■ **Required action**:
An exact transcript is required of the lines below, from the one containing "IMG 11822 82307.1657442157" through the very last; leave every picture out of it.
━━ Dataset records ━━
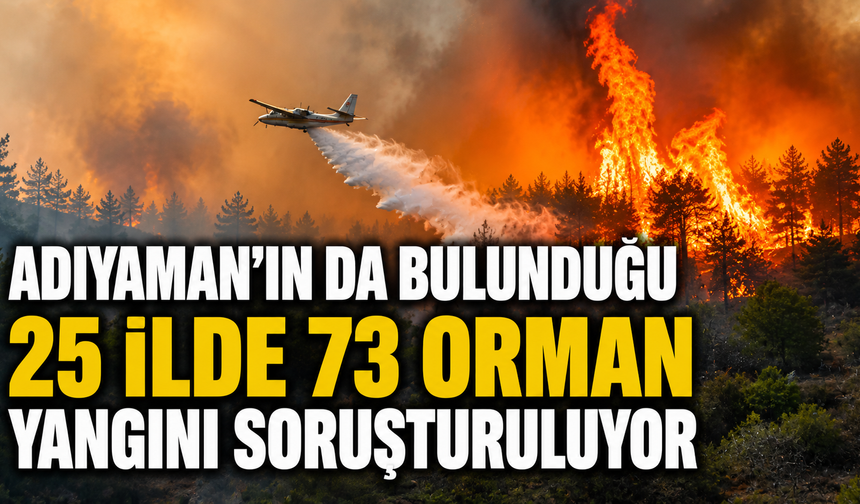 Orman yangınlarında 46 şüpheli tespit edildi, 12 kişi tutuklandı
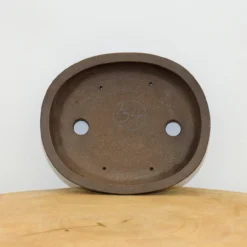 7" Yixing Bonsai Pot (No. 855) 8 7" Yixing Bonsai Pot (No. 855) -Home Decor Items Store IMG 11822 82307.1657442157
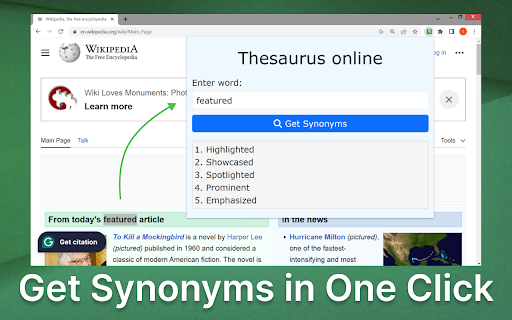 Plugin Screenshot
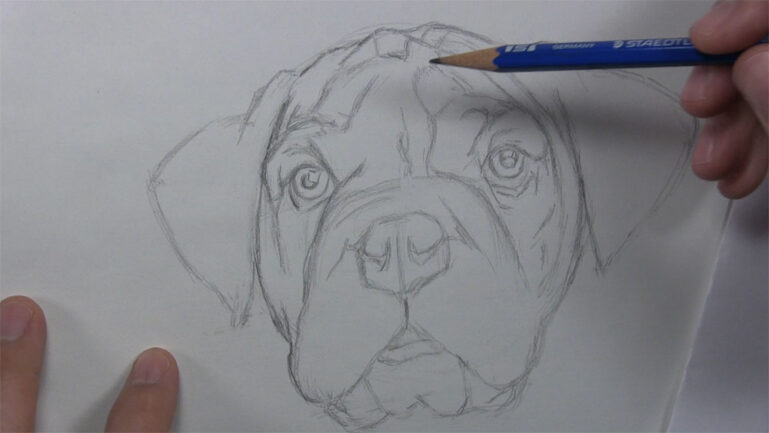 How to Draw a Dog Face with Realistic Features - Let's Draw Today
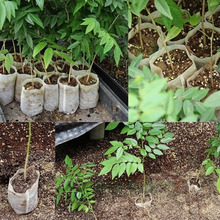 100pcs/Pack Garden Supplies Environmental Protection Nursery Pots Seedling Raising Bags 10*12cm Fabrics 2024 - buy cheap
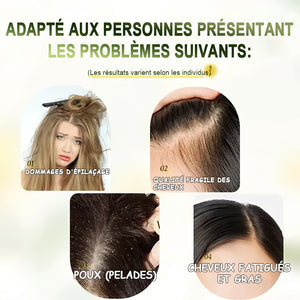Shampoing pour cheveux lisses et brillants - pour tous types de cheveux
━━━
■ **Solution to this problem**:
 7" Yixing Bonsai Pot (No. 855) 8 7" Yixing Bonsai Pot (No. 855) -Home Decor Items Store IMG 11822 82307.1657442157
 Plugin Screenshot
 How to Draw a Dog Face with Realistic Features - Let's Draw Today
 100pcs/Pack Garden Supplies Environmental Protection Nursery Pots Seedling Raising Bags 10*12cm Fabrics 2024 - buy cheap
Shampoing pour cheveux lisses et brillants - pour tous types de cheveux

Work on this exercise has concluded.